You are viewing a plain text version of this content. The canonical link for it is here.
Posted to user@spark.apache.org by Paolo Patierno <pp...@live.com> on 2017/05/31 07:42:41 UTC

Worker node log not showed

Hi all,


I have a simple cluster with one master and one worker.
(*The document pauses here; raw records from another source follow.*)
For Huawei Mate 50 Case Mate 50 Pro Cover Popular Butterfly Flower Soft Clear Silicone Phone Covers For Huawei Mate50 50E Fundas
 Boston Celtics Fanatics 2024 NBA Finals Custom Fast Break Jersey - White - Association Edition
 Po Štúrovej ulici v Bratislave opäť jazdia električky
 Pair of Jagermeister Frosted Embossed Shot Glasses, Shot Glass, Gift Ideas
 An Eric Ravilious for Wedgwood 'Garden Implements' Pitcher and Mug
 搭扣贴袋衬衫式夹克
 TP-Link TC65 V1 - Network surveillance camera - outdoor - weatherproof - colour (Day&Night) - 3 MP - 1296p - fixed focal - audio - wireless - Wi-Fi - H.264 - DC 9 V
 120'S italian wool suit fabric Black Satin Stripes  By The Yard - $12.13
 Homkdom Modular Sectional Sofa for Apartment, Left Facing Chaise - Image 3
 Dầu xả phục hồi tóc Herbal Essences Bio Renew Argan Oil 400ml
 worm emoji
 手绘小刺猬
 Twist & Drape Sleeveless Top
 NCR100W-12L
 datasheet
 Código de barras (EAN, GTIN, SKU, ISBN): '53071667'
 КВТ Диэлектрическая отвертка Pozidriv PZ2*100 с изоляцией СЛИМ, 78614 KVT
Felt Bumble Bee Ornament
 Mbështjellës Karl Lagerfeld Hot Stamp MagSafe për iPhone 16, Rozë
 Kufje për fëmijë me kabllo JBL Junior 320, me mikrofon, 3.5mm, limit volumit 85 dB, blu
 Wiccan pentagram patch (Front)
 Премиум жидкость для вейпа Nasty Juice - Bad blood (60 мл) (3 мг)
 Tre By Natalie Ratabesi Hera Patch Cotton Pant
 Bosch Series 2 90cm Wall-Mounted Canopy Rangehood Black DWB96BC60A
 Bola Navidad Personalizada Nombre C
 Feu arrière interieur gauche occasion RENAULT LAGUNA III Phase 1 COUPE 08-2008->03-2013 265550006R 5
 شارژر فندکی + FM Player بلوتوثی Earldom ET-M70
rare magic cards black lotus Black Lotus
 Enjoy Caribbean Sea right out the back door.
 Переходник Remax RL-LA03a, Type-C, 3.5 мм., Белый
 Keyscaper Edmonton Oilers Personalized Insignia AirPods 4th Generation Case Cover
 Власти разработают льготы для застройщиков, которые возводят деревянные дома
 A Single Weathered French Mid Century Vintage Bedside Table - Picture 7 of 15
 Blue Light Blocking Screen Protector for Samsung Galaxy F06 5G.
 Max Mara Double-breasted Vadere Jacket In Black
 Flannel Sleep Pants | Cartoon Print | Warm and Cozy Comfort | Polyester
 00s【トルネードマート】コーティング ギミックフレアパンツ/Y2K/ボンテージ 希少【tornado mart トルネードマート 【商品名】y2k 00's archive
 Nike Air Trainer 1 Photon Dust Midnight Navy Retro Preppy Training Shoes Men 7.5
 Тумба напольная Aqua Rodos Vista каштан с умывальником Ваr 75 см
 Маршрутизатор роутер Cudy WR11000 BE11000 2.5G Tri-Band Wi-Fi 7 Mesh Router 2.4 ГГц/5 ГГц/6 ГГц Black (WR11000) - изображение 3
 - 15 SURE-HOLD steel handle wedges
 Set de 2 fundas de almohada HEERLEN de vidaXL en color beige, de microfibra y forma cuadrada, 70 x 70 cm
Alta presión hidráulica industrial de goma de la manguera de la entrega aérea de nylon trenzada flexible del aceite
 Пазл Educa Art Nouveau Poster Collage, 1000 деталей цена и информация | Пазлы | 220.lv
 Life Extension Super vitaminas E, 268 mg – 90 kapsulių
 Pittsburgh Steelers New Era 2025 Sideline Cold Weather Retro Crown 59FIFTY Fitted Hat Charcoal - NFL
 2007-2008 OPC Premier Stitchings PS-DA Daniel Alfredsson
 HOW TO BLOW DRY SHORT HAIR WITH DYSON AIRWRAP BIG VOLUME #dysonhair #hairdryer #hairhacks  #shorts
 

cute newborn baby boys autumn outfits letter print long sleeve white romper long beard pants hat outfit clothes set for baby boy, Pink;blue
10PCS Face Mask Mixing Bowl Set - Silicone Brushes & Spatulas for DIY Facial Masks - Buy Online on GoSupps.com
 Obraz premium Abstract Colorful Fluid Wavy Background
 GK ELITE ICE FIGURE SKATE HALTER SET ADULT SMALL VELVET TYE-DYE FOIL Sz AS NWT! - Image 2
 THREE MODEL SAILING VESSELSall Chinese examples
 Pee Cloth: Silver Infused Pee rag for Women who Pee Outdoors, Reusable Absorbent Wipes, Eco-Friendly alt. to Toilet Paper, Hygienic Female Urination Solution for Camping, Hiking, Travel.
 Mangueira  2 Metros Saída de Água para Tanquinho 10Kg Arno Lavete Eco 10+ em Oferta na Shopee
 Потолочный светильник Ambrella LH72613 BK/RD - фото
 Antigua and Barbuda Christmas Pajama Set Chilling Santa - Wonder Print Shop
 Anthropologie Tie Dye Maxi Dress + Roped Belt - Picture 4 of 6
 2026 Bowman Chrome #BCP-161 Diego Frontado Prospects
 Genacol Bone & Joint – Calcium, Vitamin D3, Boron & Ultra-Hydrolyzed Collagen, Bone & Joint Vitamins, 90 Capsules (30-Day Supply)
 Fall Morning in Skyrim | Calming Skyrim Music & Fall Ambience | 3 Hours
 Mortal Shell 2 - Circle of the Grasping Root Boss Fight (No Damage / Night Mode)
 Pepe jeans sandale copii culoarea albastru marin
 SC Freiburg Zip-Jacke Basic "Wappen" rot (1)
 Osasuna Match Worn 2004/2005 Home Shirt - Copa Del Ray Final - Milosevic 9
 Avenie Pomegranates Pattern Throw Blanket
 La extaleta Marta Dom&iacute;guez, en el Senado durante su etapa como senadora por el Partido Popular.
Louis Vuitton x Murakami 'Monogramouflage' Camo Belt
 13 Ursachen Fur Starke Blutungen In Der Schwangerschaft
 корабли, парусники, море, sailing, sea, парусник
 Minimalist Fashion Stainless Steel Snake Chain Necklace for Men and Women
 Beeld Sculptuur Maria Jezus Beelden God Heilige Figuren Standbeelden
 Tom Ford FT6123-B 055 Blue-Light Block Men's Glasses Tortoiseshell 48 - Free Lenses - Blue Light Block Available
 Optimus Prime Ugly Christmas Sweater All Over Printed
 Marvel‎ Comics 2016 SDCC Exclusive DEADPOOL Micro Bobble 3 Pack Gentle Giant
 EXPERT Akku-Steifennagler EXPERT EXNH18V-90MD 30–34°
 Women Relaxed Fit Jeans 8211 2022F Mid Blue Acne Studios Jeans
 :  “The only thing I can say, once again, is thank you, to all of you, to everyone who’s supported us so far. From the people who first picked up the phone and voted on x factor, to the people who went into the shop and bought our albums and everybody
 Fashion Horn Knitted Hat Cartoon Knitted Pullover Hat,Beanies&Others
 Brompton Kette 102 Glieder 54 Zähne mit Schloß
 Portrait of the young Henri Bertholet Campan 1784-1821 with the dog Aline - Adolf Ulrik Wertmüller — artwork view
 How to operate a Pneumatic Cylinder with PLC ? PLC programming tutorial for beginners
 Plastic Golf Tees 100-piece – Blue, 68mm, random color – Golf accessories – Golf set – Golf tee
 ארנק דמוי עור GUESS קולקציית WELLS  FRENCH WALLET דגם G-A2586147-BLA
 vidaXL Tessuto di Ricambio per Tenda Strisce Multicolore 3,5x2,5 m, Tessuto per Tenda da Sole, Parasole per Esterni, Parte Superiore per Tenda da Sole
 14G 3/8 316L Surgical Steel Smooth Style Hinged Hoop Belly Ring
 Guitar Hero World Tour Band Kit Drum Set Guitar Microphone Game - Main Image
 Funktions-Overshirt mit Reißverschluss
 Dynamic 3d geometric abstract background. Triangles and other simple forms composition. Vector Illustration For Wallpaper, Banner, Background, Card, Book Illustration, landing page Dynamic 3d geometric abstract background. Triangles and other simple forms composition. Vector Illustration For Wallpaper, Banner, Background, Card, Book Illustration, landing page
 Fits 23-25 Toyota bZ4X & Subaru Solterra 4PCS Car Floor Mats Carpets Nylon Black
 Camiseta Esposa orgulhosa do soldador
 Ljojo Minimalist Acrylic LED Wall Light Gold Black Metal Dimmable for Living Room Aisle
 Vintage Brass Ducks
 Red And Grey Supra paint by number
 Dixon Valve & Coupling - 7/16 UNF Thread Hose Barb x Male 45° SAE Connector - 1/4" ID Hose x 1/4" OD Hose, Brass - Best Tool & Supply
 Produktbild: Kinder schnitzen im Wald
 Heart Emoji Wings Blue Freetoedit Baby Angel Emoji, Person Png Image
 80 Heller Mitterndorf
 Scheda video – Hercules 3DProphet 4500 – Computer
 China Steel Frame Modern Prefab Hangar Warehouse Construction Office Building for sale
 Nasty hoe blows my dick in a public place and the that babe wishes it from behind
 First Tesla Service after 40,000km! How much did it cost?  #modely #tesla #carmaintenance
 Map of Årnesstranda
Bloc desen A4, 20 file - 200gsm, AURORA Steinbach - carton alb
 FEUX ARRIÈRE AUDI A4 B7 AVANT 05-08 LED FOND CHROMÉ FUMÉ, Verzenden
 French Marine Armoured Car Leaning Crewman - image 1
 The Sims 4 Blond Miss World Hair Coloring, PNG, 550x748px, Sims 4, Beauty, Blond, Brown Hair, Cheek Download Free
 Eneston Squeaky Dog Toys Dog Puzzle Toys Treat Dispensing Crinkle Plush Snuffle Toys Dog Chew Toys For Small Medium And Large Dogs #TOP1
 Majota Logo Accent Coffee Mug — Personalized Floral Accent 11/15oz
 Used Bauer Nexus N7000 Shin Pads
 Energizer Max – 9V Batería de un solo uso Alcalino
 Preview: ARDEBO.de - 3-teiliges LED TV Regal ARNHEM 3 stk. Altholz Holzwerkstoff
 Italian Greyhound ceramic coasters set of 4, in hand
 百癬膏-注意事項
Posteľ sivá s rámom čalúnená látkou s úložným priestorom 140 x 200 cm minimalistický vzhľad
On another machine I launch the driver where at some point I have following line of codes :


max.foreachRDD(rdd -> {

    LOG.info("*** max.foreachRDD");

    rdd.foreach(value -> {

        LOG.info("*** rdd.foreach");

    });
});

The message "*** max.foreachRDD" is visible in the console of the driver machine ... and it's ok.
I can't see the "*** rdd.foreach" message that should be executed on the worker node right ? Btw on the worker node console I can't see it. Why ?

My need is to log what happens in the code executed on worker node (because it works if I execute it on master local[*] but not when submitted to a worker node).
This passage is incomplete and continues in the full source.